The use of Ball Grid Array technology is increasing as the advantages of the interconnect process are recognized. The disadvantage of this technology is where rework or salvage of components using Ball Grid Array technology is required; once the component is removed a portion of the solder preforms remains on the component and a portion of the solder preforms remains on the Printed Circuit Board (PCB). Thus, what is necessary is a low cost and efficient method and apparatus for placing conductive preforms on pads on a component, or on a substrate.
One aspect of the present invention is to provide a low cost tool for locating and placing the conductive preforms onto the pads of substrates or components. The tool preferably comprises a foil structure that includes a plurality of openings that are used to locate, hold, and place the conductive preforms onto the pads.
Another aspect of the present invention is the use of current state of the art technology, including artwork and a photodeveloping and etching process on the foil to create the openings. This process eliminates significant variation in locating and forming the openings in the foil while maintaining a low cost for the tool. As the distance between the centers of the pads (pitch) decreases, such as for fine pitch, or micro BGA (xcexcBGA) manufacturing, the variation in locating and shaping the openings becomes significantly more critical for maintaining an accurate and reliable conductive preform placement process.
Another aspect of the present invention is the ability to facilitate changing a pattern of openings on a foil for placing conductive preforms on different arrangements (patterns) of pads.
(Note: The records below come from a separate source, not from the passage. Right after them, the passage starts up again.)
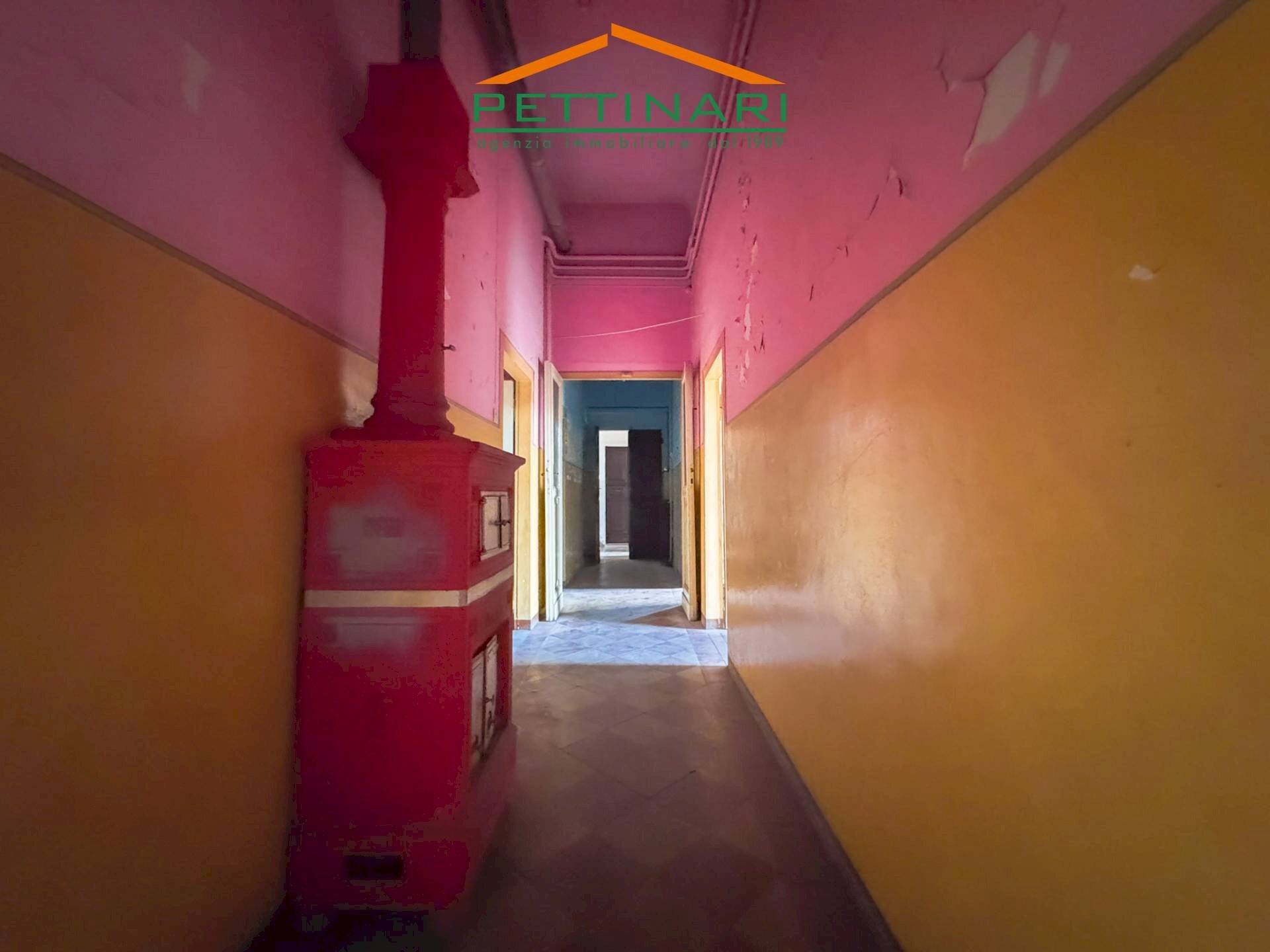 Foto 3 - Appartamento piazza Giacomo Leopardi, Loreto - foto 3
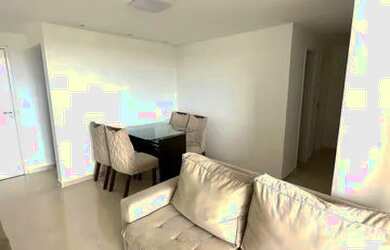 Imagem 3: Mar de Aruana com 2 vagas de garagens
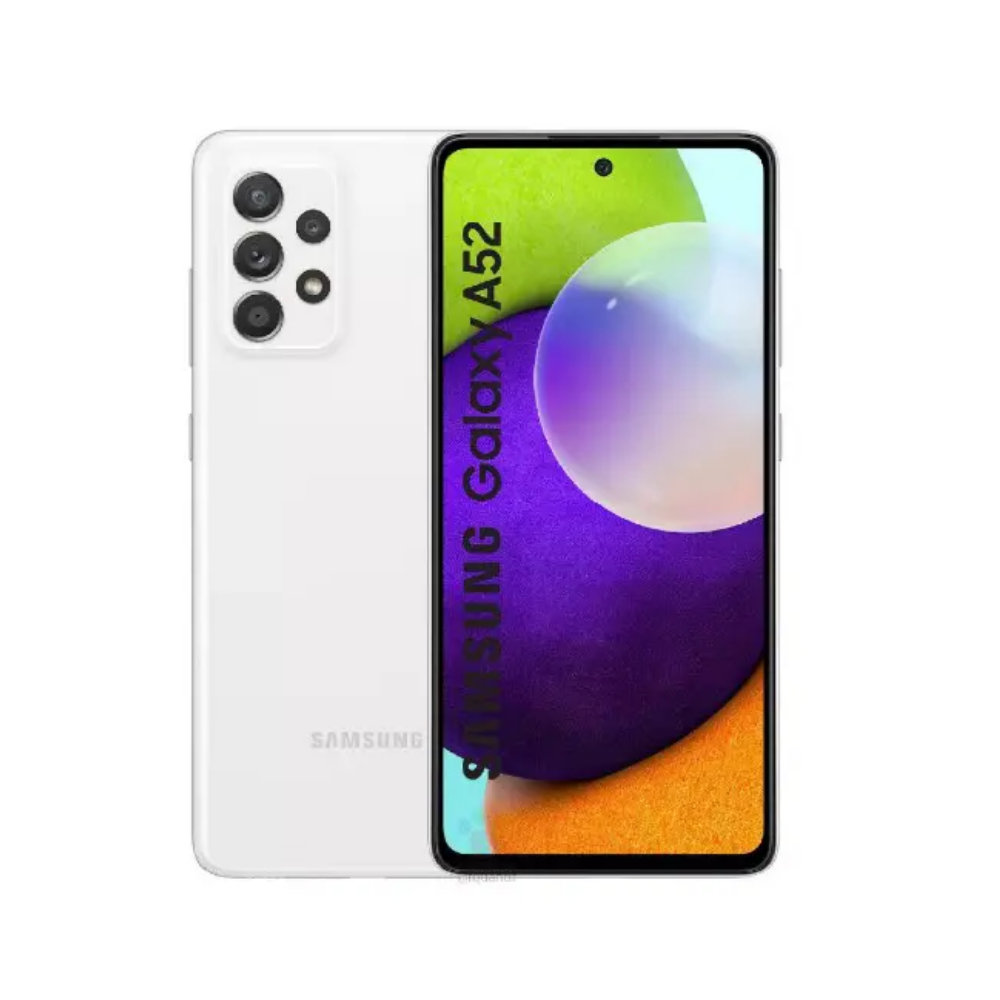 Samsung Galaxy A52 A525F DS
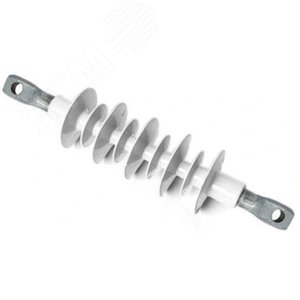 Изображение товара Изолятор полимерный ЛК 70/20-4 СС (шт)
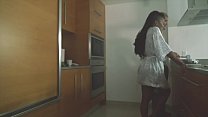 Music Video Bbc sex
By using different foils with different etched patterns (different patterns of openings etched in the foils), the low cost tool can efficiently place conductive preforms on different patterns of pads on a substrate.
Another aspect of the present invention is the ability to utilize one aperture pattern and modify the placed pattern of preforms by filling or covering the undesirable apertures. The material partially covering the first foil aperture can increase the reliability of filler material located inside the undesired apertures of the foil.
Another aspect of the present invention is the ability to include a mechanism to hold the conductive preforms at the openings in the foil and then remove the holding force to place the conductive preforms on the pads.
Another aspect of the present invention is the ability to allow flow of a vacuum force to the apertures of the foil.
Another aspect of the present invention is the ability to utilize apertures which are used to locate the conductive preforms, in conjunction with a second feature which retains the preform from entering the vacuum chamber. This aspect ensures release of the conductive preforms. The feature which controls the distance which the preforms enter into the vacuum chamber can be, but not limited to a fabric mesh, a screen, a second foil of either metal, mylar, Polyimide, or any other known material with smaller apertures, or any porous material.
Another aspect of the present invention is the ability to create a difference in the size of the apertures on each side of the foil (a taper in the cross section of the openings of the foil) to attain a better process for accounting for tolerances, securing, and releasing the conductive preforms. The degree of taper can preferably be varied by modifying the artwork for the two opposing sides of the foil.